Read a PDF File using Progress

Posted by lucas_sergio@denso.com.br on 03-Oct-2019 17:38

Hi,

How can I use Progress 4GL to read information in a PDF? Is there a way to do this?

Tks

All Replies

Posted by gus bjorklund on 03-Oct-2019 19:44

In theory, you could write 4GL to read pdf files. But in practice, you can't.

The pdf file format is extremely complicated and writing and testing a decoder would take you several years.
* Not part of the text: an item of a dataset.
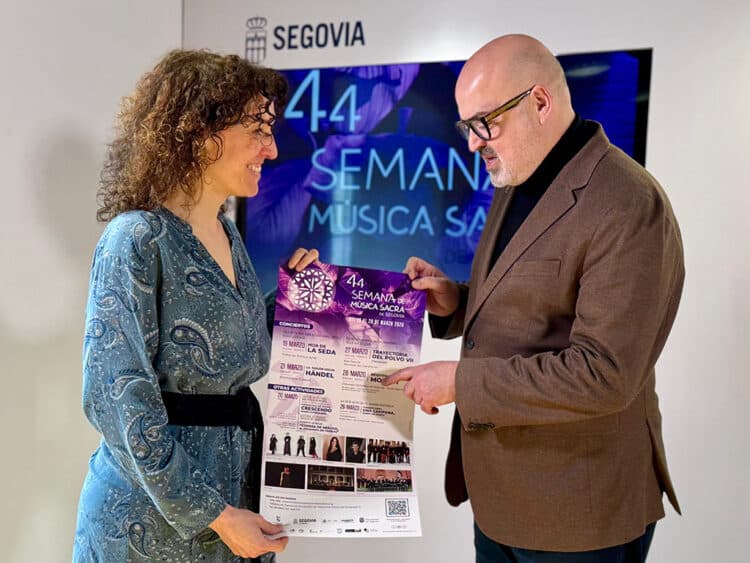La Semana de Música Sacra realiza un recorrido desde el barroco segoviano hasta Tanzania 1 Noelia Gómez y Juan Carlos Monroy presenta la Semana de Música Sacra. / FUNDACIÓN DON JUAN DE BORBÓN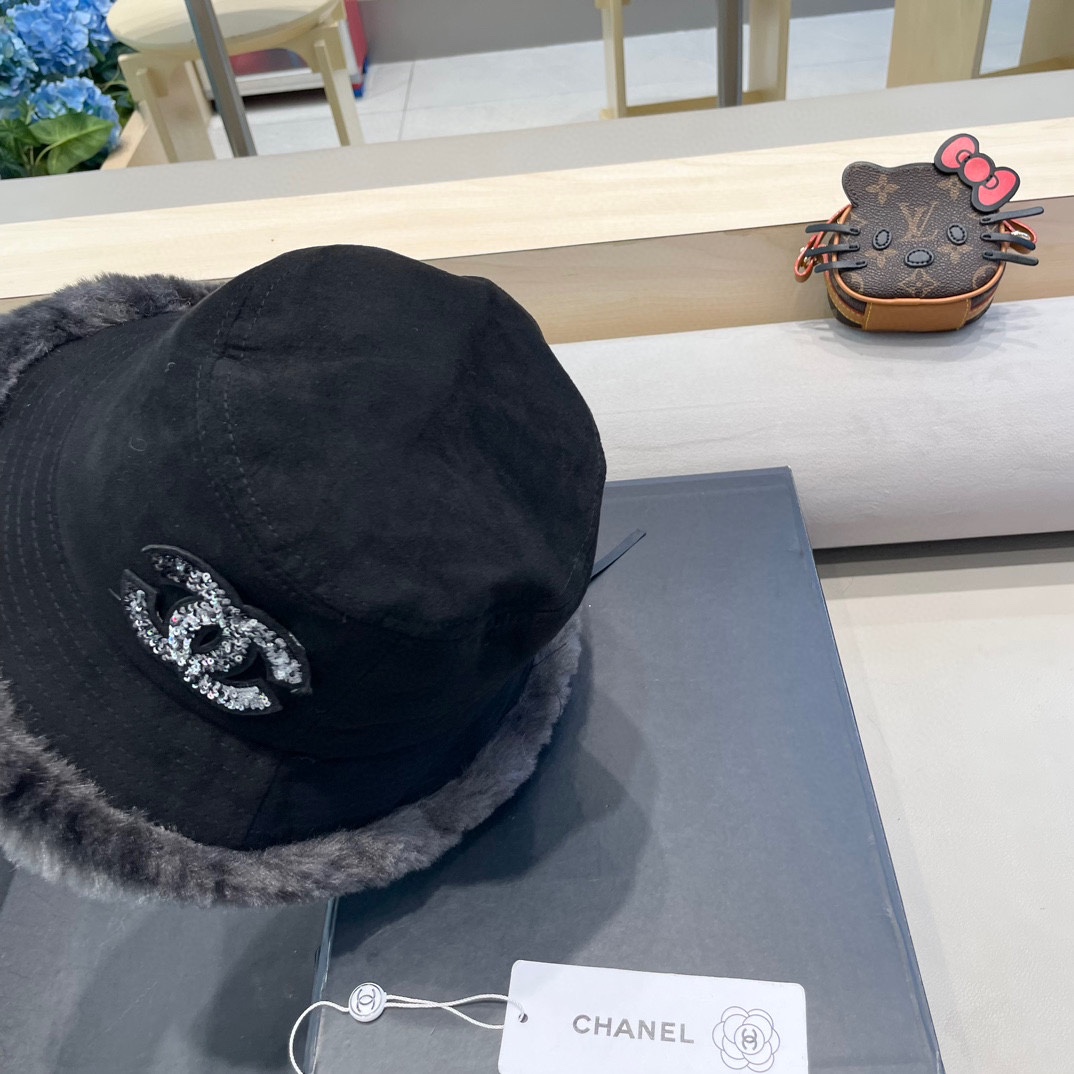 Chanel麂皮绒渔夫帽女秋冬季韩版保暖毛绒帽子显脸小加厚防寒素颜盆帽潮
I advise you to invoke a use an already written third-party pdf reader utility or a pdf extractor utility. There are utilities that can extract all the text from a pdf. Also ones to extract the pictures.

Posted by Patrick Tingen on 03-Oct-2019 20:35
Posted by Jean-Christophe Cardot on 04-Oct-2019 06:09

Hi

As suggested by Patrick, I'd use pdfInclude (disclaimer: I'm the one behind pdfInclude).

@Gus, this is written in 4GL and reads and writes pdf files ;-)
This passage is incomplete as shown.